Rusak akibat Gempa Tiga Tahun Lalu, Sekolah di Tasikmalaya Belum Tersentuh Perbaikan

Ilustrasi

TASIKMALAYA – Sejumlah ruang kelas di SD Negeri Puspasari, Kampung Cipari, Desa Sundawenang, Kecamatan Salawu, Kabupaten Tasikmalaya mengalami kerusakan akibat gempa tiga tahun lalu, namun hingga kini tak tersentuh perbaikan.

Akibatnya, sebagian siswa pun terpaksa belajar di teras sekolah, bahkan siswa lain bertaruh nyawa dengan belajar di kelas yang rentan ambruk.
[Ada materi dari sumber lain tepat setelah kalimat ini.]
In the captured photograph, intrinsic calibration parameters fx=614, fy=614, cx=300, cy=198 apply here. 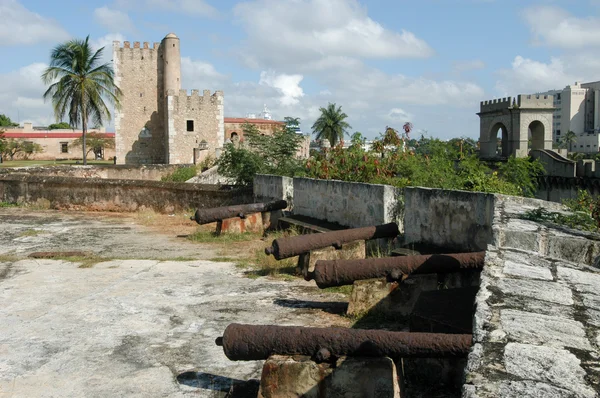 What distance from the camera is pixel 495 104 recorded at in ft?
178

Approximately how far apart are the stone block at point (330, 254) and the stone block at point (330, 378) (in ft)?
11.5

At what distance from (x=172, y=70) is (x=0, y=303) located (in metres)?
37.8

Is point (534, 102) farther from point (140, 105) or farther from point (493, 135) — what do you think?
point (140, 105)

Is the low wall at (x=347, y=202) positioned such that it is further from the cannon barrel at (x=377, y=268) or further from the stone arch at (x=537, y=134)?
the stone arch at (x=537, y=134)

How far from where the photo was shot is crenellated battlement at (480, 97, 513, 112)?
5197cm

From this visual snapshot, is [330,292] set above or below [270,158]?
below

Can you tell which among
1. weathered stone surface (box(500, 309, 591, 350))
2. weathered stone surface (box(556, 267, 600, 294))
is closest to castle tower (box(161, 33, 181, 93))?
weathered stone surface (box(556, 267, 600, 294))

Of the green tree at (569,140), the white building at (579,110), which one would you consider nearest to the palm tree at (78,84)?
the green tree at (569,140)

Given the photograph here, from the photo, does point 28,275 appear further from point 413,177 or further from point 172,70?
point 172,70

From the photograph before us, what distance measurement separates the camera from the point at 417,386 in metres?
4.03

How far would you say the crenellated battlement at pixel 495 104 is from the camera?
5197 cm

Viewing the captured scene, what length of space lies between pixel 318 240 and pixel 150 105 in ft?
124

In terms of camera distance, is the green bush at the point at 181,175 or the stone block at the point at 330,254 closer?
the stone block at the point at 330,254

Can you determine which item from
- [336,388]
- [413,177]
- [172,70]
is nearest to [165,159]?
[172,70] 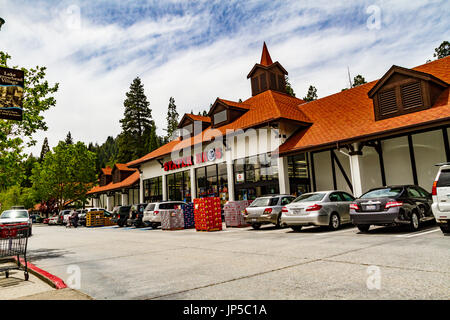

Kepala Sekolah SD Puspasari Agus Permana menuturkan, kerusakan bermula saat gempat melanda Tasikmalaya sekira 2-3 tahun lalu. Meskipun telah diusulkan berkali-kali ke Pemerintah Kabupaten Tasikmalaya, upaya perbaikan dan pembangunan ruang kelas baru tak kunjung dilakukan.

Perhatian pemerintah hanya sebatas saat gempa terjadi dan beberapa hari kemudian dengan meninjau lokasi. “Setelah itu tidak ada kelanjutan dan realisasi,” ucap Agus, pada Pikiran Rakyat, Rabu (24/7/2019).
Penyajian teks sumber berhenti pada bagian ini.